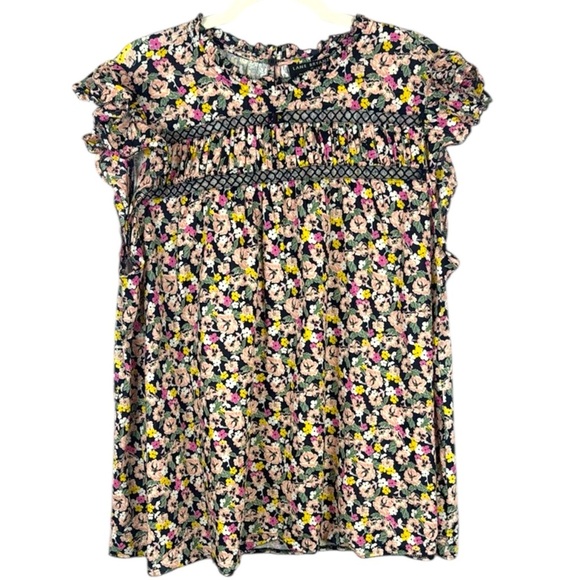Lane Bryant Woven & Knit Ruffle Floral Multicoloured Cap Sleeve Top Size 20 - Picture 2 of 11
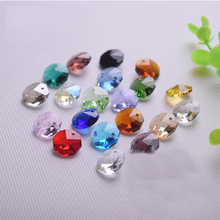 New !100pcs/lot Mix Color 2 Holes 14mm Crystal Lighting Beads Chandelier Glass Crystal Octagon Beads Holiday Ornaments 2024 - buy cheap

* * *

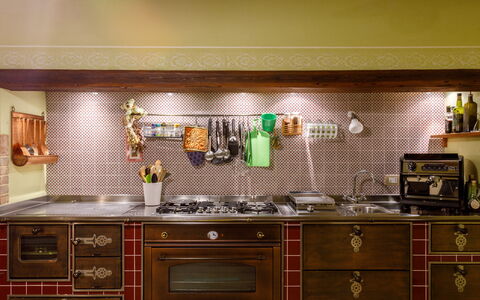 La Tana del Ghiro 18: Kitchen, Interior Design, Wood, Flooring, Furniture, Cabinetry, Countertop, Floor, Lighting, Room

...

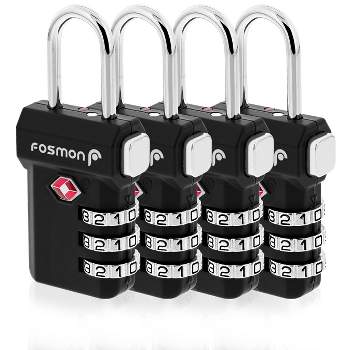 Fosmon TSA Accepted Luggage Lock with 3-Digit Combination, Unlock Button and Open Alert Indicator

# [Aim of the task]
Those lines of the records above that run from the one containing "Lane Bryant Woven" through the one containing "New !100pcs/lot Mix" should be returned exactly, with no pictures among them.

# [Exercise output]
Lane Bryant Woven & Knit Ruffle Floral Multicoloured Cap Sleeve Top Size 20 - Picture 2 of 11
 New !100pcs/lot Mix Color 2 Holes 14mm Crystal Lighting Beads Chandelier Glass Crystal Octagon Beads Holiday Ornaments 2024 - buy cheap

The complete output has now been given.